§ EXERCISE OBJECTIVE:
Write out the lines below exactly, beginning at the one with "Sean and Thomas enjoying the bonfire" and stopping after the one with "Modern Felsefe 2"; the pictures are not copied.
***
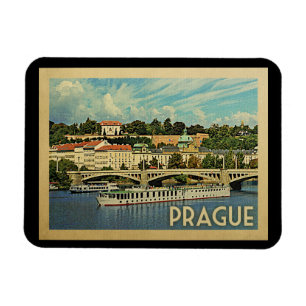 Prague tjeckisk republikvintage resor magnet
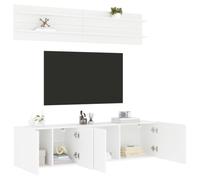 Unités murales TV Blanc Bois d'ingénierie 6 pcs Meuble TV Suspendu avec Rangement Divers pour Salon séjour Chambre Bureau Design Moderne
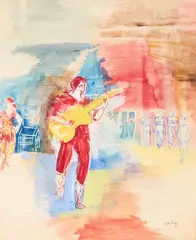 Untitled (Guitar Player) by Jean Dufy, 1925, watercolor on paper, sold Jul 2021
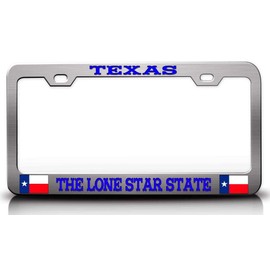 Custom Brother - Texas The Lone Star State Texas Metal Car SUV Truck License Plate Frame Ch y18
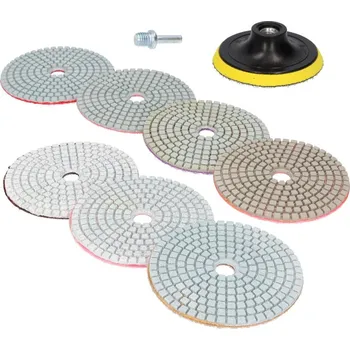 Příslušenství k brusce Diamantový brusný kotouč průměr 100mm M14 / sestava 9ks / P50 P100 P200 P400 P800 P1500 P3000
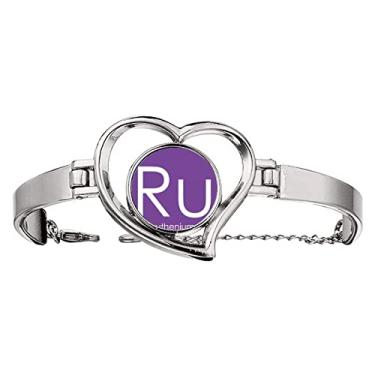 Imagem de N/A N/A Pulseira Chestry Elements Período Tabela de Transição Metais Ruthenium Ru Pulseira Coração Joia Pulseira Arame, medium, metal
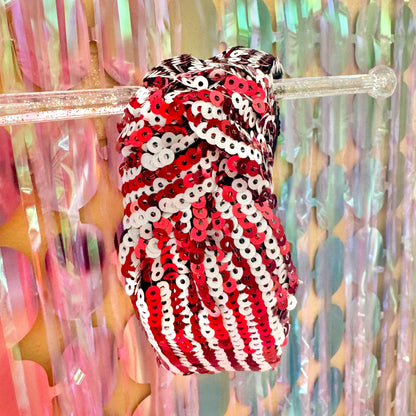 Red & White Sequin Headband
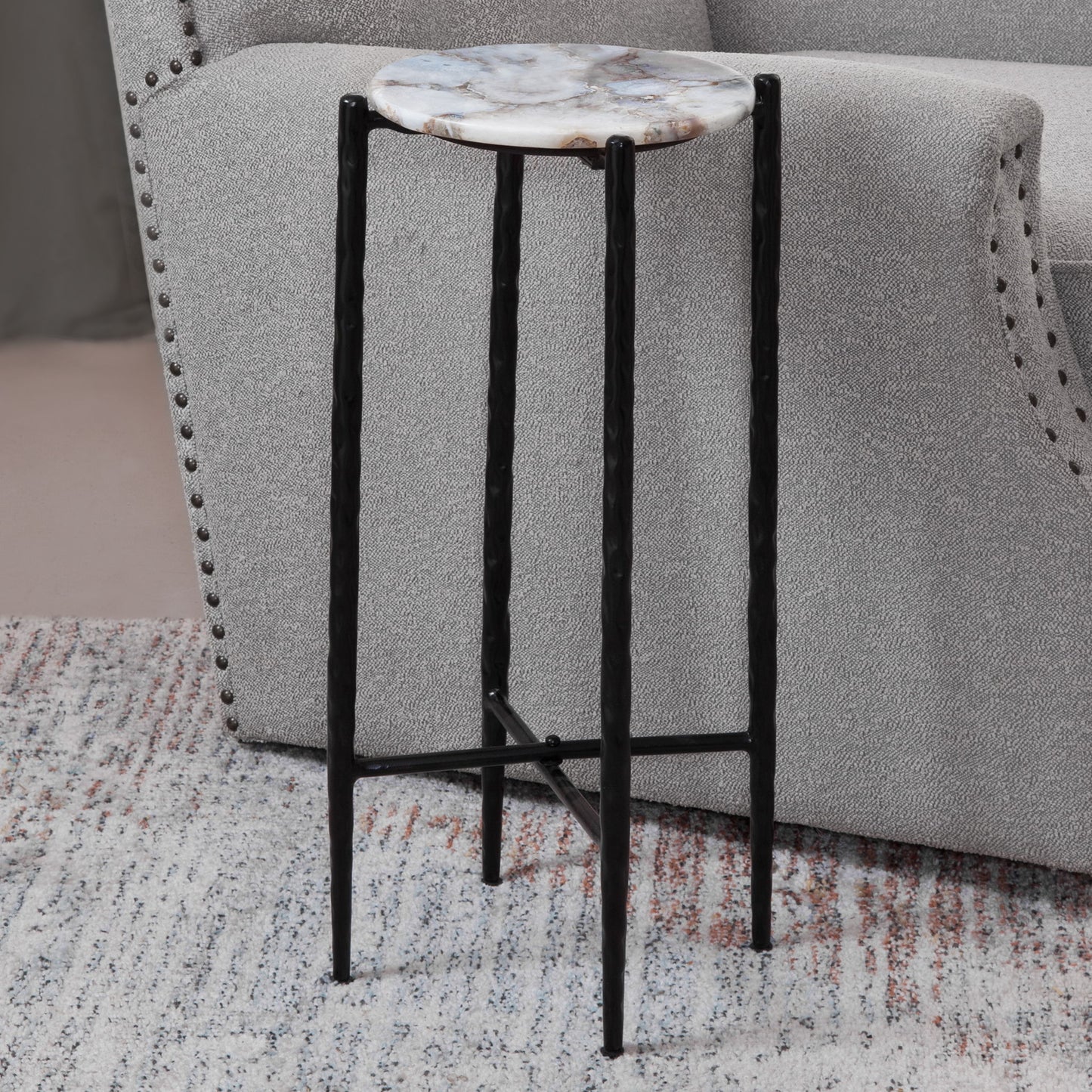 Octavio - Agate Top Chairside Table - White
***
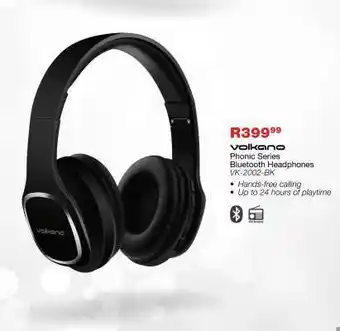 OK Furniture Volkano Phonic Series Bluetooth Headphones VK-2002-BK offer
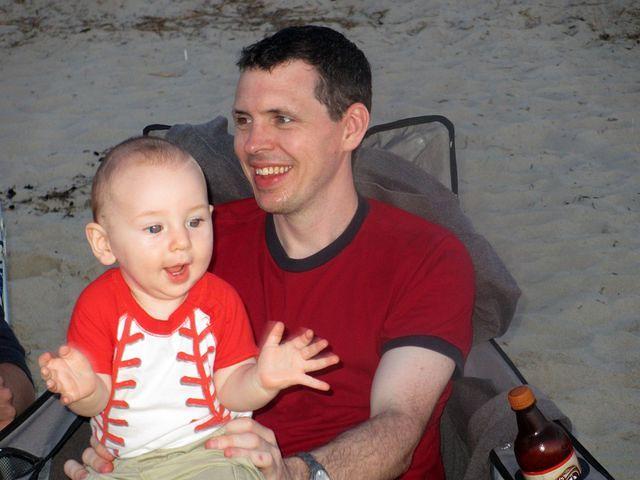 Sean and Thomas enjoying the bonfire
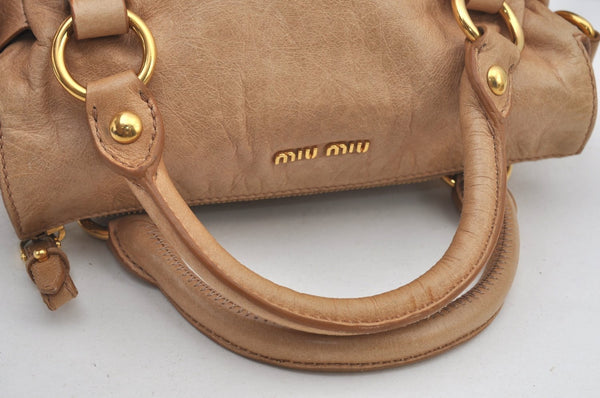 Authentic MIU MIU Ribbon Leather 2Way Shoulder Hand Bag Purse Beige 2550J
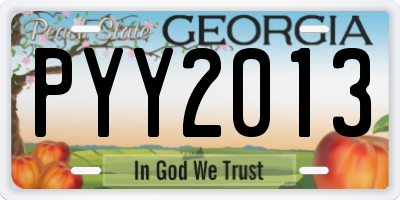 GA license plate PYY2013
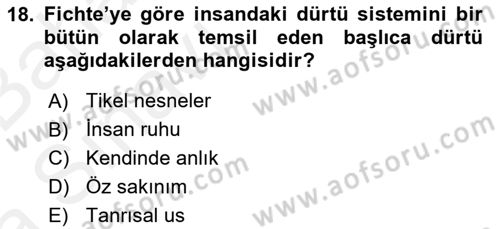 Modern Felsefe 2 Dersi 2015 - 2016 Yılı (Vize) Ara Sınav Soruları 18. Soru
***
§ ANSWER FOR THIS EXERCISE:
 Sean and Thomas enjoying the bonfire
 Authentic MIU MIU Ribbon Leather 2Way Shoulder Hand Bag Purse Beige 2550J
 GA license plate PYY2013
 Modern Felsefe 2 Dersi 2015 - 2016 Yılı (Vize) Ara Sınav Soruları 18. Soru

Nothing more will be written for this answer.